`python3 test_flash_mm.py` got error
tiendung opened this issue · comments
ERROR: CUDA RT call "cudaFuncSetAttribute(kernel, cudaFuncAttributeMaxDynamicSharedMemorySize, shared_memory_size )" in line 695 of file mm/csrc/flashmm/mm_block_fwd_cuda.cu failed with invalid device function (98).
max diff for mm block: tensor(2.0590e-05, device='cuda:0', grad_fn=<SelectBackward0>)
average diff for mm block: tensor(2.9658e-06, device='cuda:0', grad_fn=<MeanBackward0>)
max diff: tensor(0.0003, device='cuda:0')
avg diff: tensor(7.4159e-05, device='cuda:0')
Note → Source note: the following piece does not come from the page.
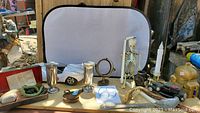 Photo showing the full spread of assorted items including the Norelco electric shaver box, miniature car models, skeleton figurine, gyroscope, couple of silver-tone cups, sundial, miniature coffee grinder, miniature bellows, note holder, large spoon and others all set on a display board outdoors.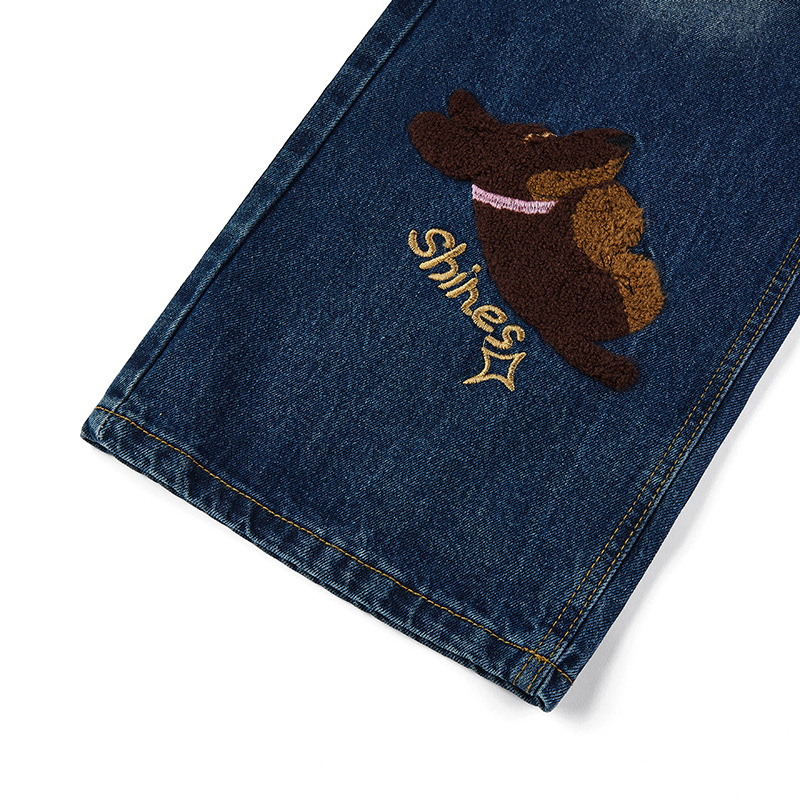Puppy patchwork embroidered washed denim jeans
I still can run the trainer and the loss go down,
This is usually a result of a mixmatch in CUDA versions: https://forums.developer.nvidia.com/t/cudalaunchkernel-returned-status-98-invalid-device-function/169958
Can you try it with the NVIDIA PyTorch docker container? https://catalog.ngc.nvidia.com/orgs/nvidia/containers/pytorch
is it functional correctly despite of CUDA mismatch? I'm running mm-bert and the loss is going down as usual.
The training loop is falling back to regular PyTorch, so that’s why the loss is going down.
I see. Thank @DanFu09
May I ask one more question @DanFu09, I wonder how much faster the flash_mm kernel compare to pytorch implementation?